MOTION CAPTURES: Actroid-SIT is a lifelike robot from the Japanese firm Kokoro. She functions autonomously, talking and gesturing while interacting with people. She makes eye contact and gestures in the direction of a person trying to speak to her, handling interruptions gracefully. People speaking to the robot found her gestures helped make her seem more friendly, sensitive, sophisticated, and warm. Which proves it's the subtleties that count.
KEEP YOUR COOL: We all know the problem of a car left in the summer sun — the burning steering wheel, the blast of heat when you open the door. Researchers from Stanford University have designed an entirely new form of panel using nanostructured photonic materials that cools even when the sun is shining by efficiently radiating heat back into space. It does this by emitting thermal radiation very efficiently at a wavelength for which the atmosphere is nearly transparent. Their new panel reflect sunlight and emits thermal radiation at just the right wavelength.
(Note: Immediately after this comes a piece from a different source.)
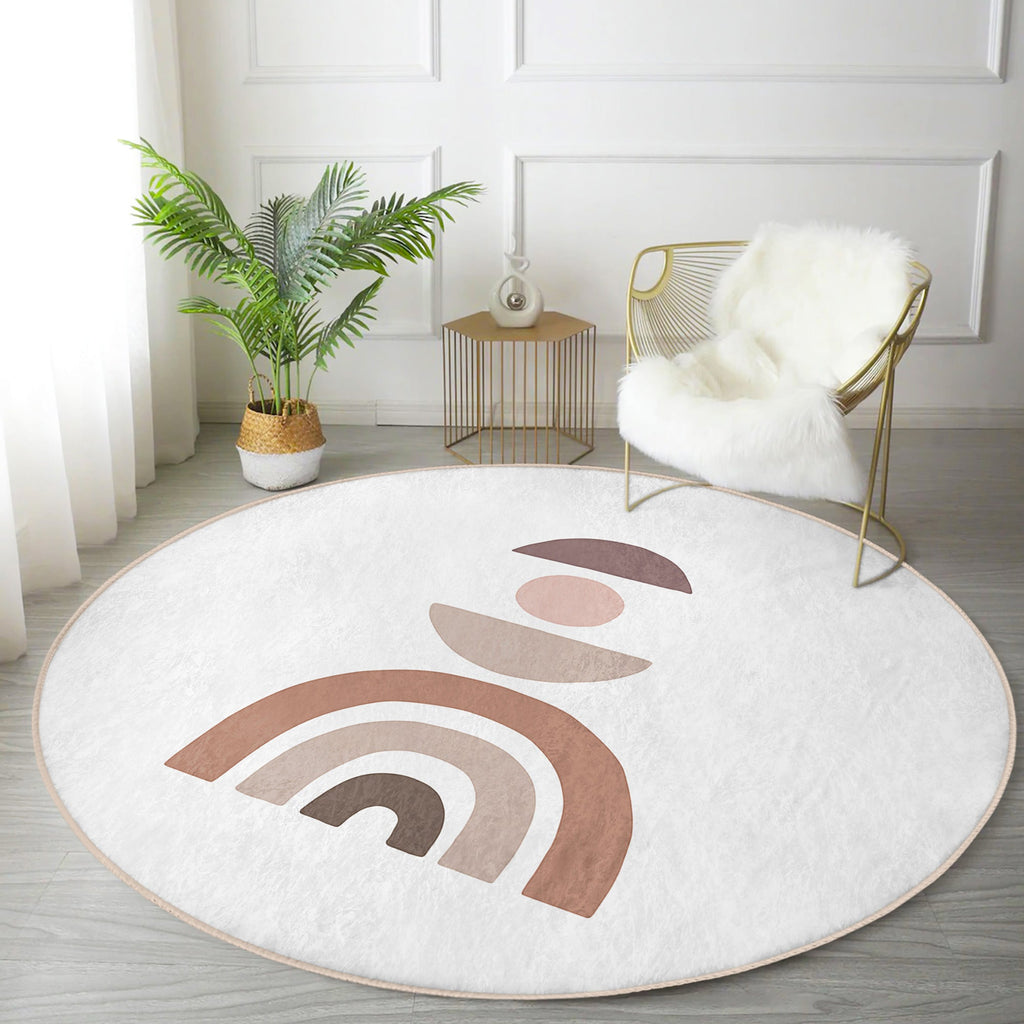 Abstract Minimalist Round Rug, Rainbow Abstract Area Rug, Minimalist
The material is made of quartz and silicon carbide and achieves a net cooling power of more than 100 watts per square metre. The panels could replace solar panels used to power air conditioners that cool a building. And in the very hot countries that could be very welcome.
WARMTH FROM THE SEA: Researchers at Fraunhofer Institute for Chemical Technology have a new idea for building insulation: seaweed. Neptune Grass, deposited on Mediterranean beaches by the sea, generally ends up in landfill. It turns out though that it's virtually non-flammable, resistant to mould, and can be used as insulation without chemical additives. Processing removes the sand and produces short strands that can be stuffed or blown into the required space. The fibres act as a buffer, absorbing water vapour and releasing it again without impairing its own ability to keep the building insulated. No smell, or does the processing handle that too?